Liliana Cavani made of one of the most poignant, caustic and incisive human portraits around two people: a miserable and docile human being who, in theory only obeyed superior orders, but besides he enjoyed to exert physical, mental and spiritual wounds around a woman in a concentration camp during the opprobrious WW2, who eventually by these strange destiny tricks, will meet again in Vienna 1957.

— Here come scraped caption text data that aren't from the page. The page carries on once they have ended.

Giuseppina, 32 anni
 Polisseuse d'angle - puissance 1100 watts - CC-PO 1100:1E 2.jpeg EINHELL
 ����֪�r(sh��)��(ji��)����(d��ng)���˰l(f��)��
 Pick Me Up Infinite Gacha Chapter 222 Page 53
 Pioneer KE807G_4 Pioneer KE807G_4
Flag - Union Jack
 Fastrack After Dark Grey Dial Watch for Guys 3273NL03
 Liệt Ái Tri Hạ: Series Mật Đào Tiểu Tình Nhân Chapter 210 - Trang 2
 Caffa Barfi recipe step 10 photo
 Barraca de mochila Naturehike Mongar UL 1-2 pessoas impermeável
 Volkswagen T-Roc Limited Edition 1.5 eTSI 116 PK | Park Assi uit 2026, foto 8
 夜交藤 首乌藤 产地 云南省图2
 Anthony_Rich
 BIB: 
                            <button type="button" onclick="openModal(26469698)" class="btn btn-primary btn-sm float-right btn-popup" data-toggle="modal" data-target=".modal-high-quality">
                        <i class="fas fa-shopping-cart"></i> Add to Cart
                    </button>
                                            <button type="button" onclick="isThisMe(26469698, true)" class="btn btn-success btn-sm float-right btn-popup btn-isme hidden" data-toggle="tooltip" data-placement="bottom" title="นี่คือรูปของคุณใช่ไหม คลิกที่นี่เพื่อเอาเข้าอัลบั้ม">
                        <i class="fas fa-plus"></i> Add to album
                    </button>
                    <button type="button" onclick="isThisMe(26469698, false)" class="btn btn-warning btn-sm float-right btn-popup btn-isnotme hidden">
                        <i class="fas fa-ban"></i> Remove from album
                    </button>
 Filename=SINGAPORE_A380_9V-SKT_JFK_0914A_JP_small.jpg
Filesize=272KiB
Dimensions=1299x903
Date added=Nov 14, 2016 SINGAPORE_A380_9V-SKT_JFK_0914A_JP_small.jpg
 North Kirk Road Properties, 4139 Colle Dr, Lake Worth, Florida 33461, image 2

The seventies knew about three brilliant female filmmakers: Liliana Cavani, Von Trotta sisters and Lina Wertmüller, visceral, artistic and spiritually affected by the horrors of the WW2. These three bold, brave and smart women decided to approach the miseries of the War from different perspectives but with the same purpose. To carve in relief the level of incivility and abjection to which a human being is able to come, when the War works out as the perfect alibi to surpass the verboten boundaries about ethics and moral. Paraphrasing to a personage from Crime and punishment: "If War exists everything is permitted."

Highly recommended but you must be aware about the ferocious and implacable script.

3 out of 5 stars The revisitation of a concentration camp relationship.......2006-05-29

Dirk Bogarde and Charlotte Rampling star as a pair of doomed survivors of the horrors of WWII in the unsettling but dubious Liliana Cavani directed drama, "The Night Porter".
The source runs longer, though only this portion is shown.